----- Material supplied -----

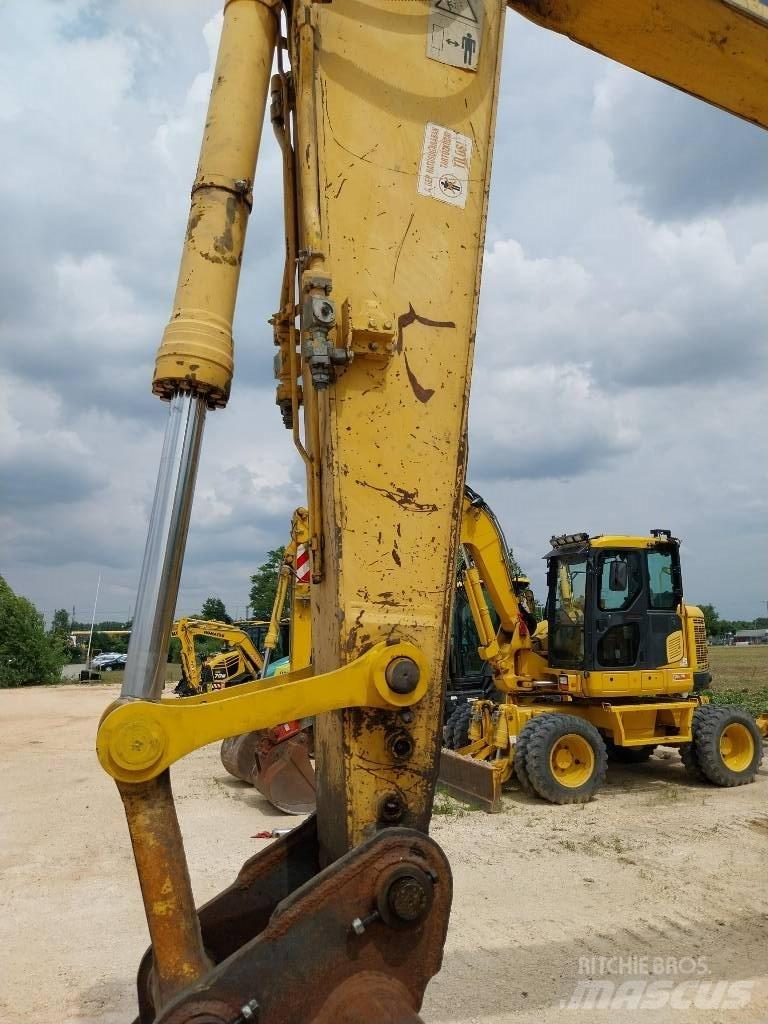 Komatsu PC 240 LC-8 Excavatoare pe șenile
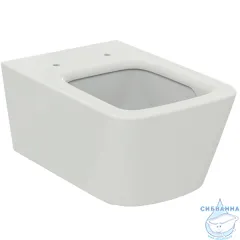 Унитаз подвесной Ideal Standard Blend Cube AquaBlade T368601 (без сиденья)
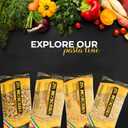 10 x LA MODERNA, Spaghetti Pasta 7 oz (Pack of 1) | Made with Durum Wheat Semolina | Enriched with Iron & B Vitamins | Non-GMO | Kosher | Quick-Cook Italian Staple (EXP 01/01/27)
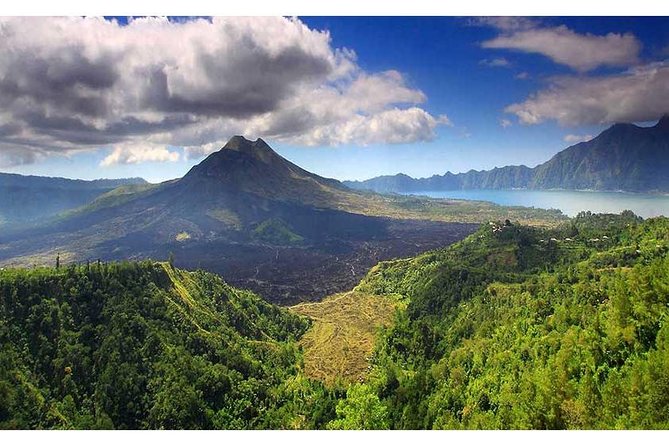 Private Tour:Kintamani Volcano Tour With Entrance Ticket & Hotel Transfer - Included Services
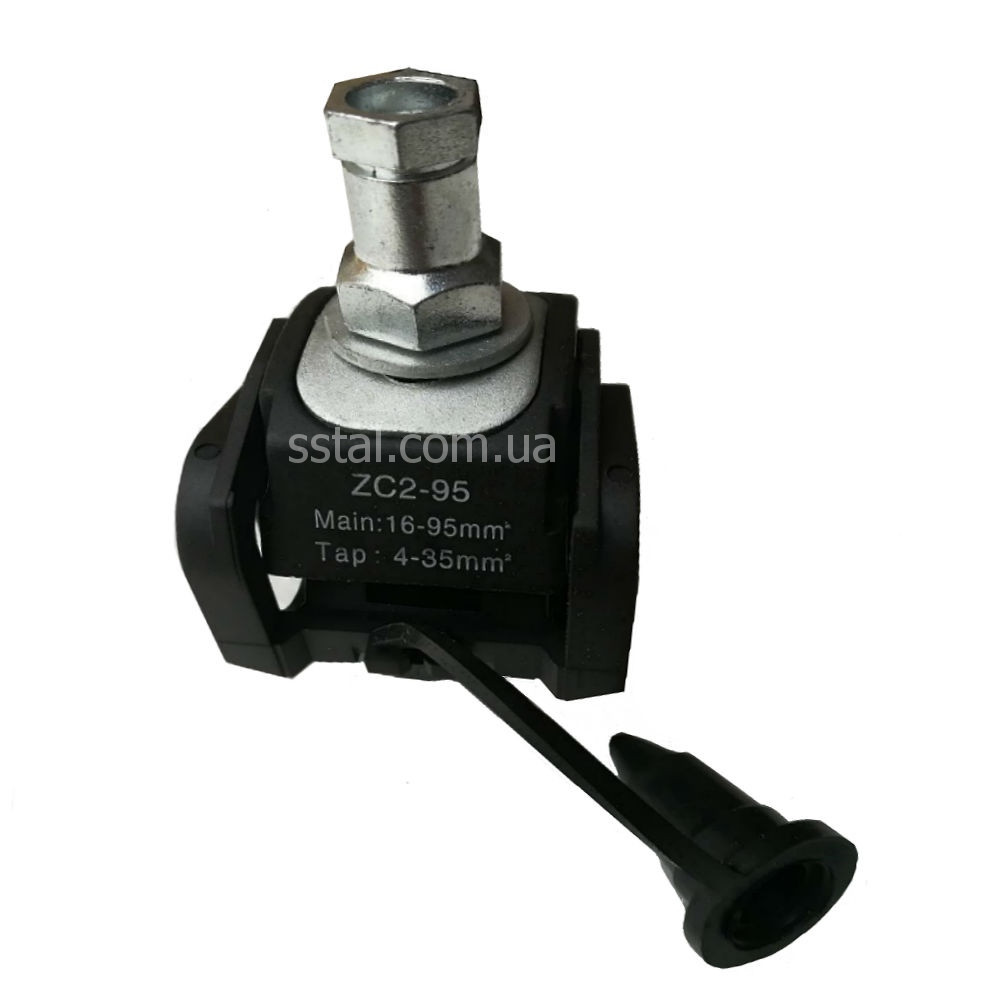 Зажим прокалывающий ответвительный ZC 2-95 (16-95)(4-50) - купить по ...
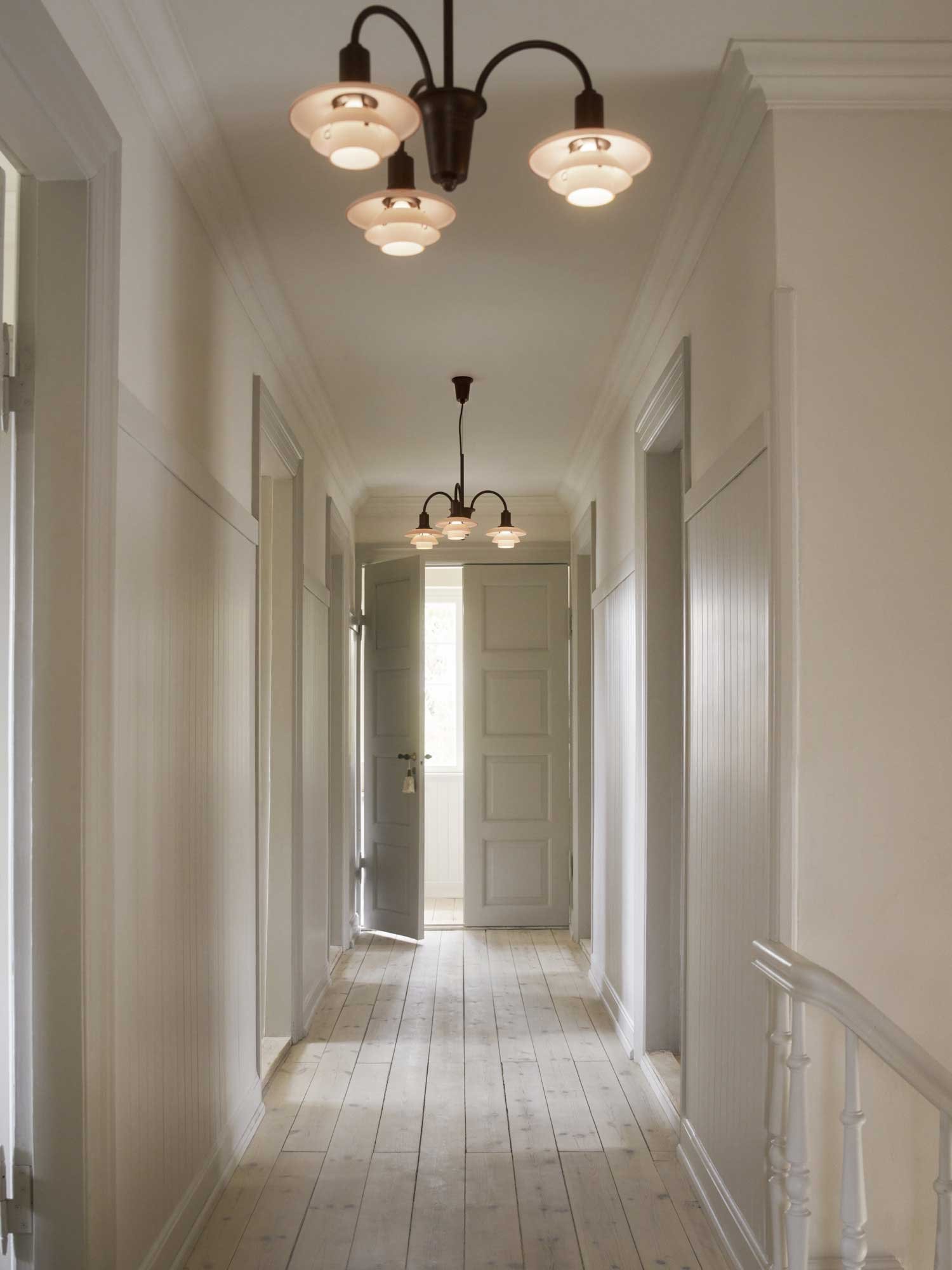 9149570 SS26 PH Centenary Interior Chandelier 3 Indoor ON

-----

Description of the task: All that should appear in the response is the run of lines from the one with "Private Tour:Kintamani Volcano" through the final line of the records, restated exactly, with pictures omitted.

Response to the exercise:
 Private Tour:Kintamani Volcano Tour With Entrance Ticket & Hotel Transfer - Included Services
 Зажим прокалывающий ответвительный ZC 2-95 (16-95)(4-50) - купить по ...
 9149570 SS26 PH Centenary Interior Chandelier 3 Indoor ON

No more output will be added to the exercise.